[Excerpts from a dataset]

———

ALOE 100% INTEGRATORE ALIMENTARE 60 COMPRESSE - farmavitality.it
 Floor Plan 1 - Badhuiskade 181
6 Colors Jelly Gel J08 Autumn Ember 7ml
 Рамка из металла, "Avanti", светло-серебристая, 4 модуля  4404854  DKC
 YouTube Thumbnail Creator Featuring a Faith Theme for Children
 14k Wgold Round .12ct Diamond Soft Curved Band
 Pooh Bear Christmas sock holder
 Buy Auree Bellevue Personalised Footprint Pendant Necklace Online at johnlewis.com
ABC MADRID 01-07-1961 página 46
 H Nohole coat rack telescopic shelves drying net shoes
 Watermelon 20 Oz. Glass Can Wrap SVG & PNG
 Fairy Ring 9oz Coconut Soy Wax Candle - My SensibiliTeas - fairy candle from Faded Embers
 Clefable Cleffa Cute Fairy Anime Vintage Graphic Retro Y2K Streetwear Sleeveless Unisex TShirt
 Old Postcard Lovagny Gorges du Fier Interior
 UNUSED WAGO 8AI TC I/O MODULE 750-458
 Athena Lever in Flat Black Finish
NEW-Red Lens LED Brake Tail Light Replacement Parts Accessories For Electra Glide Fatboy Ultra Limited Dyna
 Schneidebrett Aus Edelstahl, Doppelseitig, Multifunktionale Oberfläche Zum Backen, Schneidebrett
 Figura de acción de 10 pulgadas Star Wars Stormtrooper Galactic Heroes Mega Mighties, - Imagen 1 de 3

———

What you are asked to do: Would you repeat the records above without any changes?

Task response:
ALOE 100% INTEGRATORE ALIMENTARE 60 COMPRESSE - farmavitality.it
 Floor Plan 1 - Badhuiskade 181
6 Colors Jelly Gel J08 Autumn Ember 7ml
 Рамка из металла, "Avanti", светло-серебристая, 4 модуля  4404854  DKC
 YouTube Thumbnail Creator Featuring a Faith Theme for Children
 14k Wgold Round .12ct Diamond Soft Curved Band
 Pooh Bear Christmas sock holder
 Buy Auree Bellevue Personalised Footprint Pendant Necklace Online at johnlewis.com
ABC MADRID 01-07-1961 página 46
 H Nohole coat rack telescopic shelves drying net shoes
 Watermelon 20 Oz. Glass Can Wrap SVG & PNG
 Fairy Ring 9oz Coconut Soy Wax Candle - My SensibiliTeas - fairy candle from Faded Embers
 Clefable Cleffa Cute Fairy Anime Vintage Graphic Retro Y2K Streetwear Sleeveless Unisex TShirt
 Old Postcard Lovagny Gorges du Fier Interior
 UNUSED WAGO 8AI TC I/O MODULE 750-458
 Athena Lever in Flat Black Finish
NEW-Red Lens LED Brake Tail Light Replacement Parts Accessories For Electra Glide Fatboy Ultra Limited Dyna
 Schneidebrett Aus Edelstahl, Doppelseitig, Multifunktionale Oberfläche Zum Backen, Schneidebrett
 Figura de acción de 10 pulgadas Star Wars Stormtrooper Galactic Heroes Mega Mighties, - Imagen 1 de 3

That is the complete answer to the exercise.